### WORK REQUEST
Take the listing below and output it exactly, with no images.

### PROVIDED MATERIAL
========

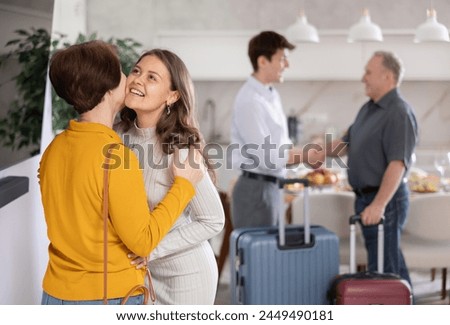Hospitable friendly young woman warmly greeting and kissing mother-in-law coming for cozy family dinner with set table in background.. Royalty-Free Stock Photo #2449490181
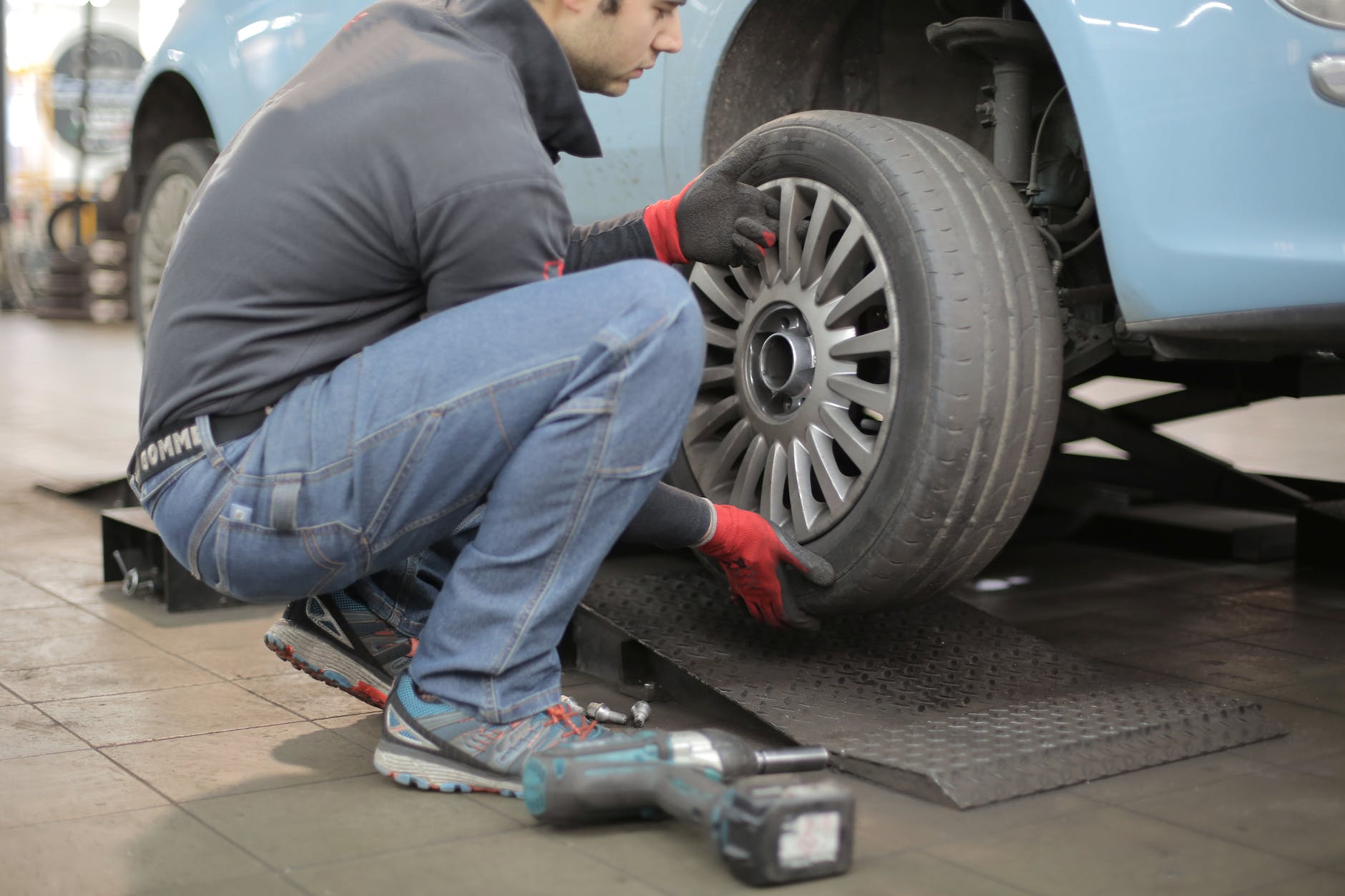 man changing a car tire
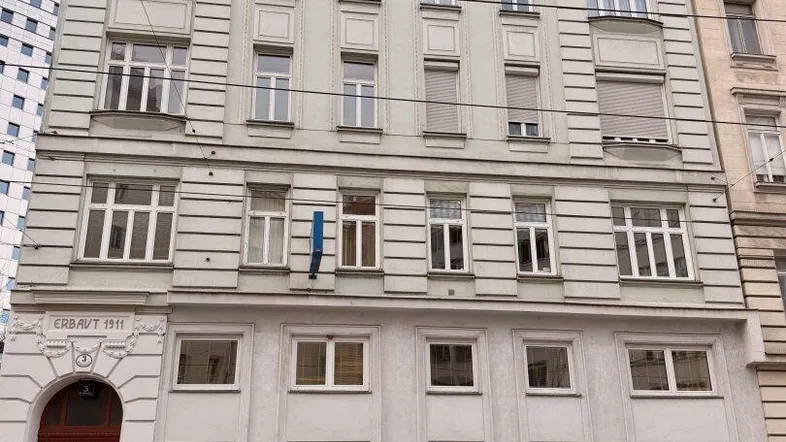 Klassisches Mehrfamilienhaus mit historischer Fassade, vielen Fenstern und parkenden Autos davor auf der Straße.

========

### WRITTEN ANSWER
Hospitable friendly young woman warmly greeting and kissing mother-in-law coming for cozy family dinner with set table in background.. Royalty-Free Stock Photo #2449490181
 man changing a car tire
 Klassisches Mehrfamilienhaus mit historischer Fassade, vielen Fenstern und parkenden Autos davor auf der Straße.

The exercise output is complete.